WORK TO BE COMPLETED | Reproduce exactly, leaving out pictures, each line from the one holding "In the Edit" through the final line of the listing, and add nothing.

INPUT RECORDS |

..........

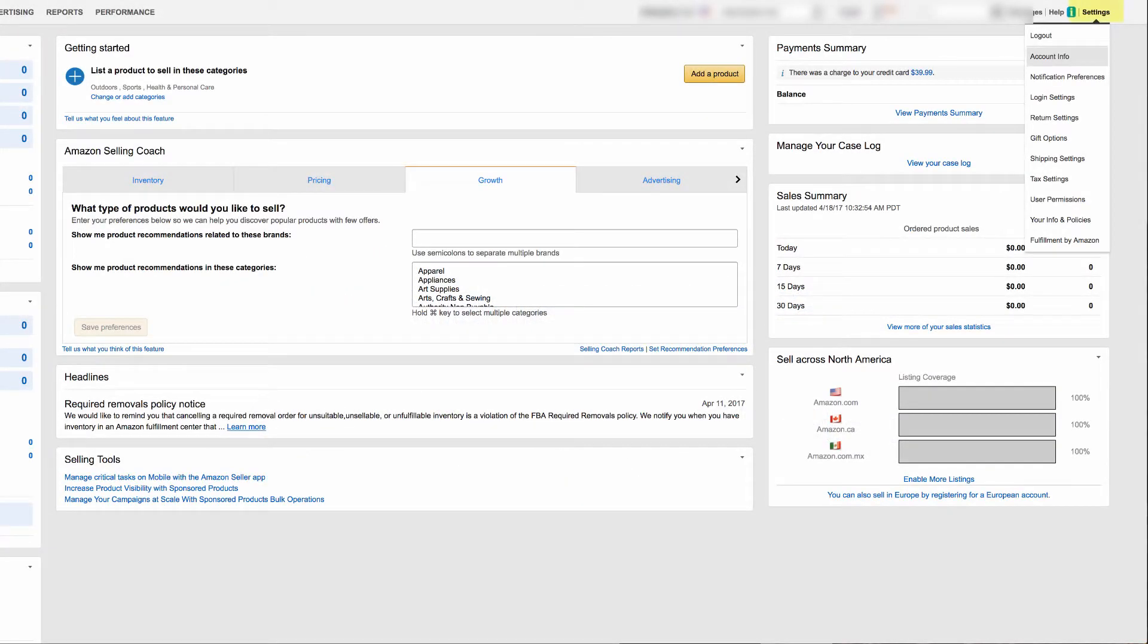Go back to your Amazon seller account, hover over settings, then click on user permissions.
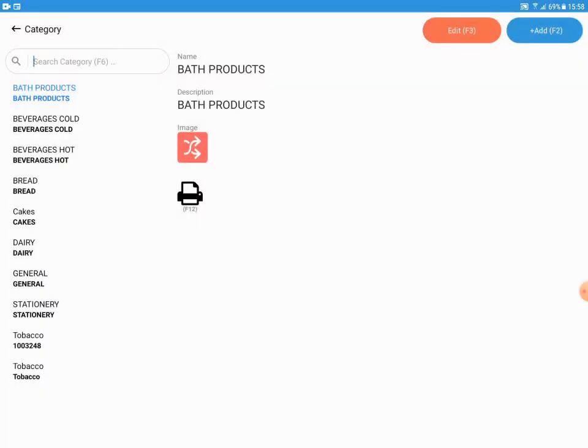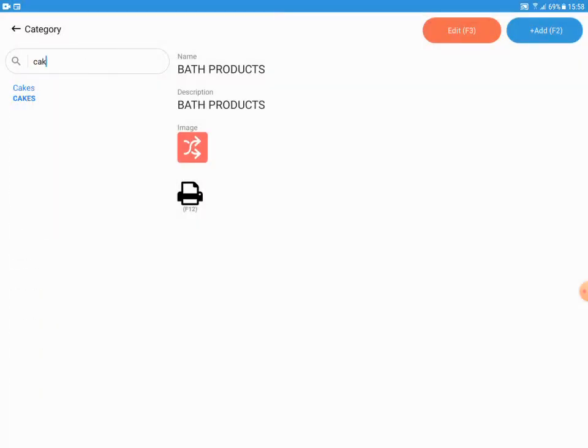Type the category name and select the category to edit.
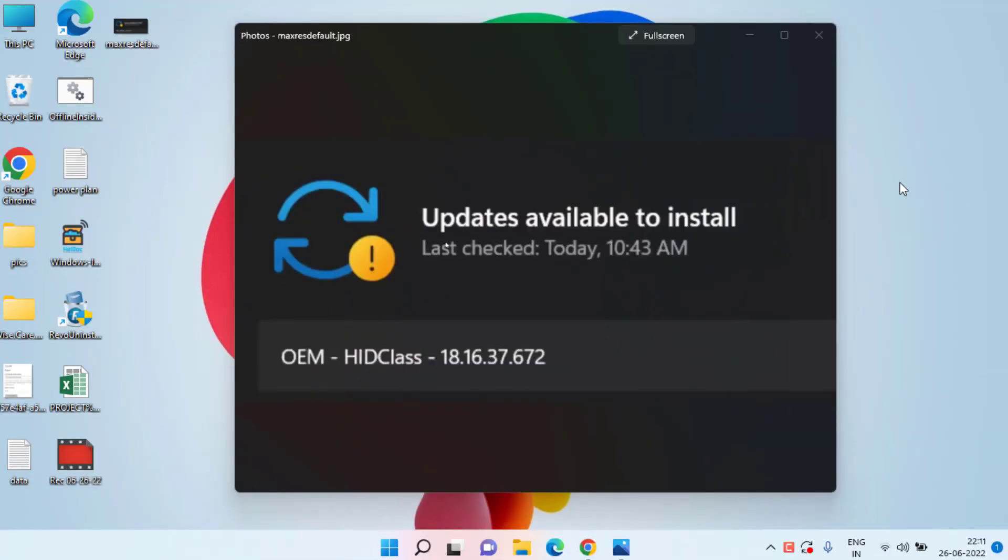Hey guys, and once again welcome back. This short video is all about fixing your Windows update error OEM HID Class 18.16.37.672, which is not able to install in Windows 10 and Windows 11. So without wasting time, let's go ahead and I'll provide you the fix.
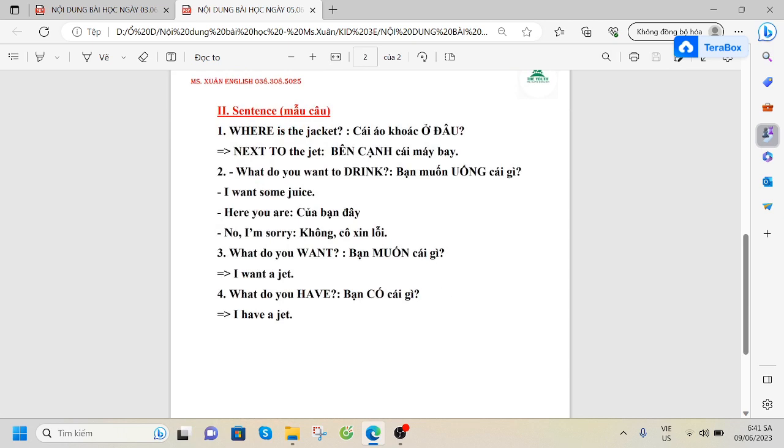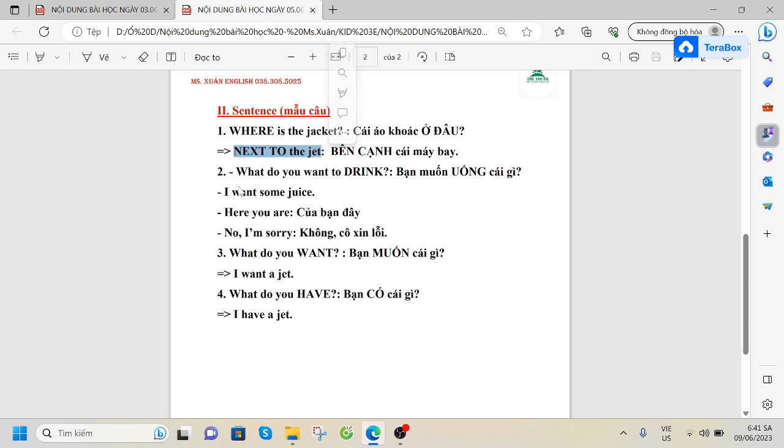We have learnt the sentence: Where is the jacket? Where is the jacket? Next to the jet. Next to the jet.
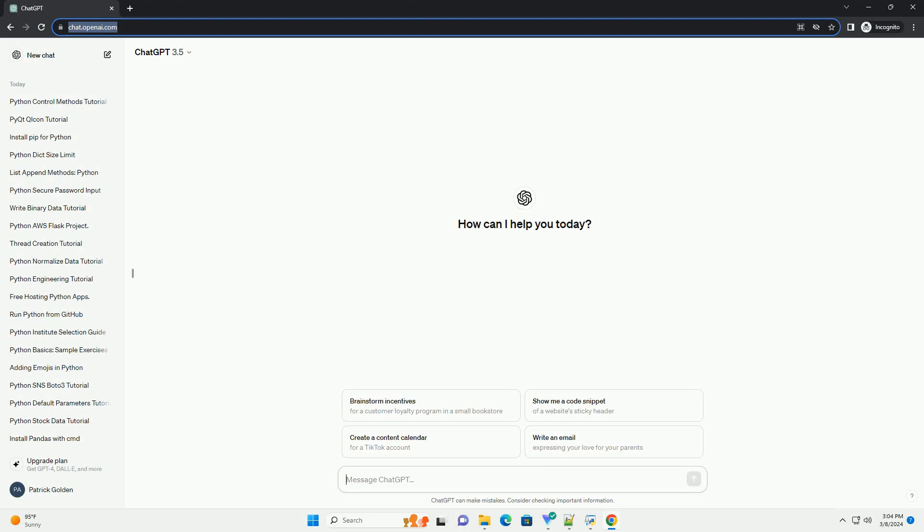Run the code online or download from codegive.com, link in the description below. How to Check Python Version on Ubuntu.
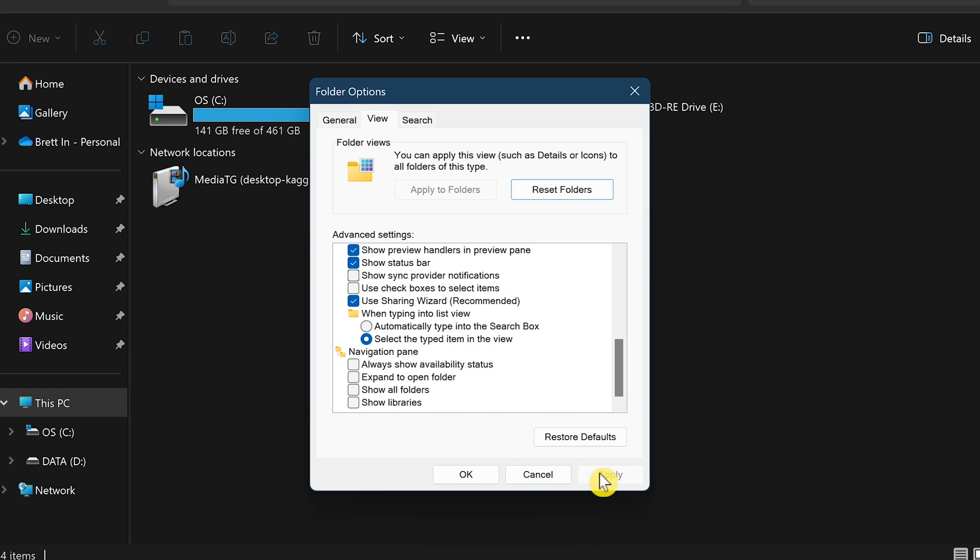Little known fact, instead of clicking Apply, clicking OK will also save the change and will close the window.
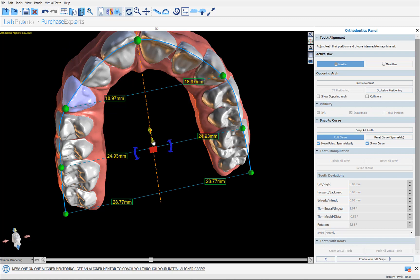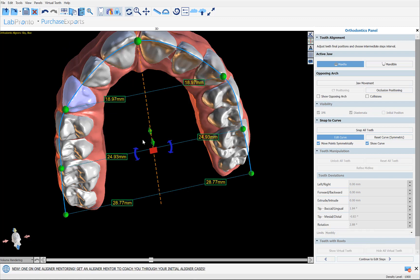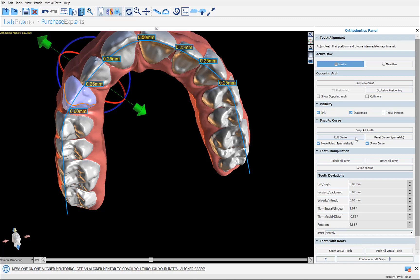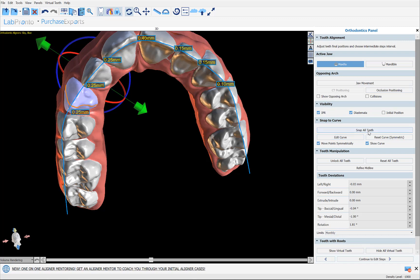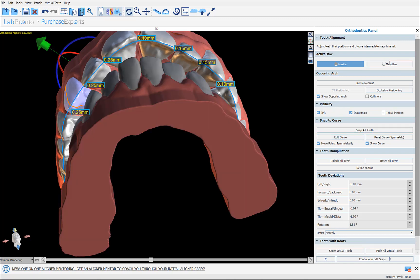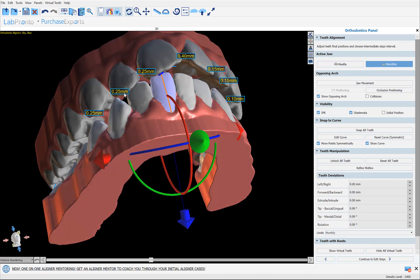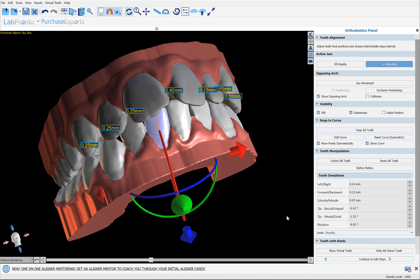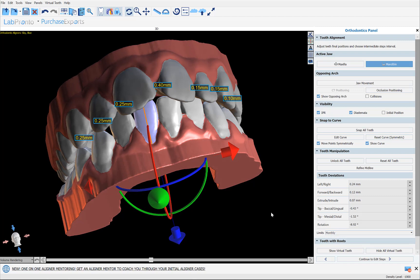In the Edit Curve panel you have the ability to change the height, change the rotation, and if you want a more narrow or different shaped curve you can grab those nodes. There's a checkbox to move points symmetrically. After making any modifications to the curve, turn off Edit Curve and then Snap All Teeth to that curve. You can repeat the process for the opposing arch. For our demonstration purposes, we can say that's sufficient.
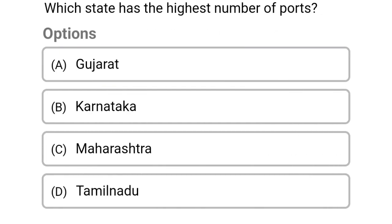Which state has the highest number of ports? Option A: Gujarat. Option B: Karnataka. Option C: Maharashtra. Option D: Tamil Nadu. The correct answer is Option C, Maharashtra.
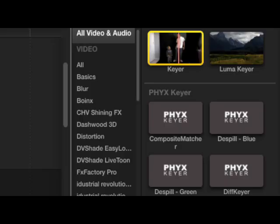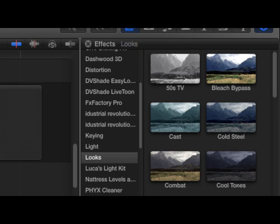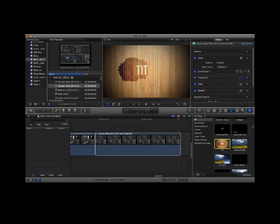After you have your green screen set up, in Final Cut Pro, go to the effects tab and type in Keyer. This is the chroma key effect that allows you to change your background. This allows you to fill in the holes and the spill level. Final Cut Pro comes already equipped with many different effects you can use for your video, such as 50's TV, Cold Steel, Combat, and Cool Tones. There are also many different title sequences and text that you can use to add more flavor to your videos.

..........

OUTPUT BELOW |
In the Edit Curve panel you have the ability to change the height, change the rotation, and if you want a more narrow or different shaped curve you can grab those nodes. There's a checkbox to move points symmetrically. After making any modifications to the curve, turn off Edit Curve and then Snap All Teeth to that curve. You can repeat the process for the opposing arch. For our demonstration purposes, we can say that's sufficient.
Which state has the highest number of ports? Option A: Gujarat. Option B: Karnataka. Option C: Maharashtra. Option D: Tamil Nadu. The correct answer is Option C, Maharashtra.
After you have your green screen set up, in Final Cut Pro, go to the effects tab and type in Keyer. This is the chroma key effect that allows you to change your background. This allows you to fill in the holes and the spill level. Final Cut Pro comes already equipped with many different effects you can use for your video, such as 50's TV, Cold Steel, Combat, and Cool Tones. There are also many different title sequences and text that you can use to add more flavor to your videos.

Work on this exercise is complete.